Material for this task:
[Start of Attachment]

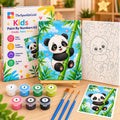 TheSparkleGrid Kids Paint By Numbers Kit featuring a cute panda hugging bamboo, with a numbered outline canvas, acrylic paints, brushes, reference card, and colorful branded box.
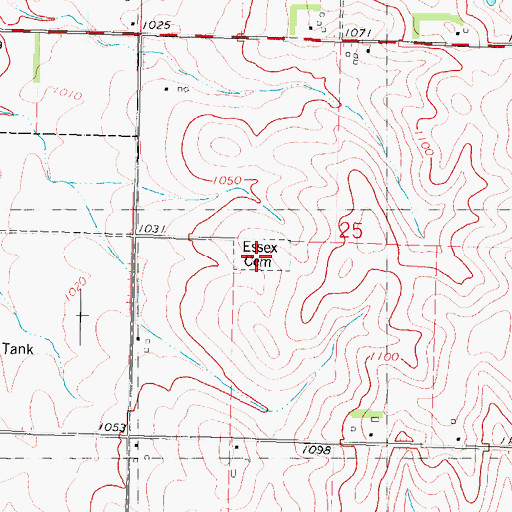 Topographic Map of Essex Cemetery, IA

[End of Attachment]
[Start of Attachment]

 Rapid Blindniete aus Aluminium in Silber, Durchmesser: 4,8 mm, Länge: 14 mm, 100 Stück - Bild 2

[End of Attachment]
[Start of Attachment]

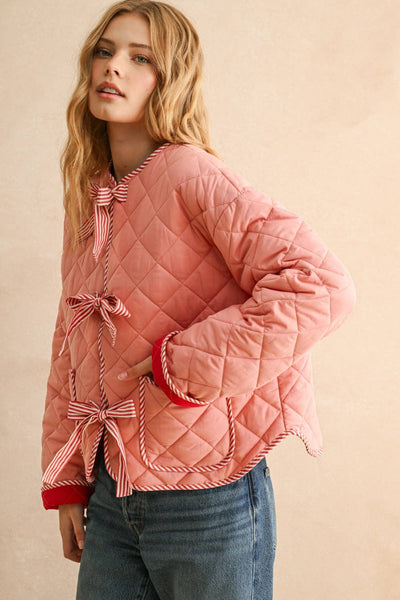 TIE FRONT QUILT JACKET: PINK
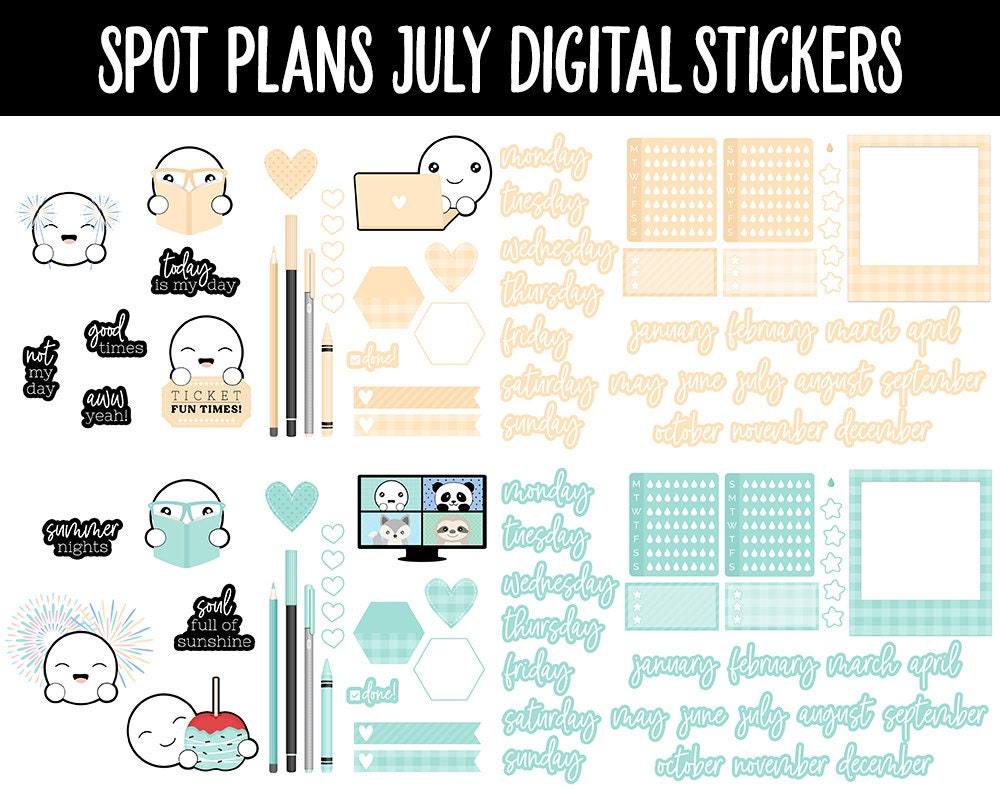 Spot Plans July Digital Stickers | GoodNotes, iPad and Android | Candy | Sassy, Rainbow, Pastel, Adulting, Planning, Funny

[End of Attachment]

Try it: Starting at the line that contains "TheSparkleGrid Kids Paint" and ending at the line that contains "Topographic Map of Essex Cemetery, IA", transcribe the material above exactly, excluding pictures.

Written answer:
 TheSparkleGrid Kids Paint By Numbers Kit featuring a cute panda hugging bamboo, with a numbered outline canvas, acrylic paints, brushes, reference card, and colorful branded box.
 Topographic Map of Essex Cemetery, IA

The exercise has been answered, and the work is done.